§ **Data**
+++++

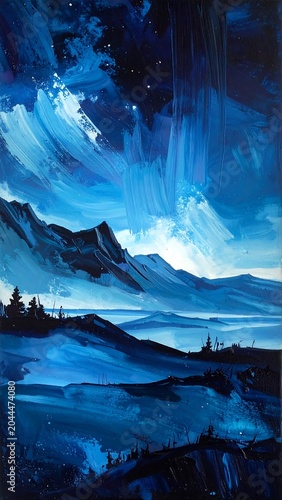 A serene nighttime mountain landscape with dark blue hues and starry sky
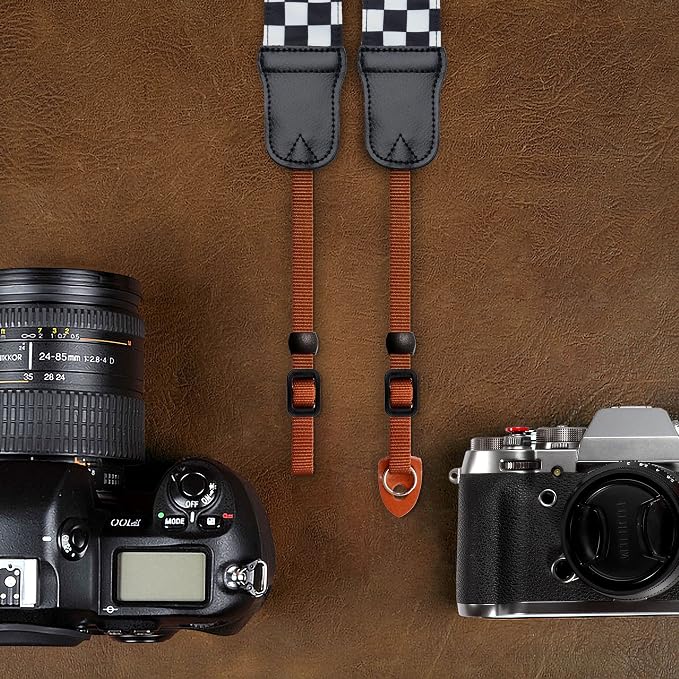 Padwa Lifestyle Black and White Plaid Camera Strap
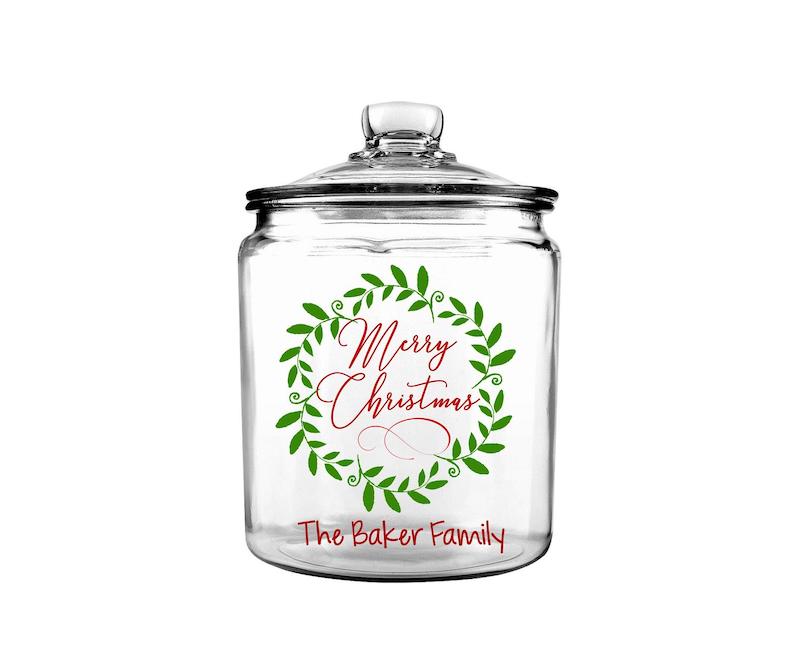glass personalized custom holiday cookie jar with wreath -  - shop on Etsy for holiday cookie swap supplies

+++++

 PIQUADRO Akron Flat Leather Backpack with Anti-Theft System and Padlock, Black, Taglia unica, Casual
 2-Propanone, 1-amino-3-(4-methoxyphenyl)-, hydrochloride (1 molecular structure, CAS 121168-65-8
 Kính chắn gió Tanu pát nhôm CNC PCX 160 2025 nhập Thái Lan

+++++

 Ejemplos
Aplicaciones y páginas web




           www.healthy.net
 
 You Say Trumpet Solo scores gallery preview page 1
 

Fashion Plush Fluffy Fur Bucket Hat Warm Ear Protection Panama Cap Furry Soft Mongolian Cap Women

+++++

§ **Problem statement**
Which part of the entries opens with the line containing "A serene nighttime" and closes with the line containing "glass personalized custom"? Output that part exactly, ends included, pictures excluded.

§ **Written answer**
 A serene nighttime mountain landscape with dark blue hues and starry sky
 Padwa Lifestyle Black and White Plaid Camera Strap
glass personalized custom holiday cookie jar with wreath -  - shop on Etsy for holiday cookie swap supplies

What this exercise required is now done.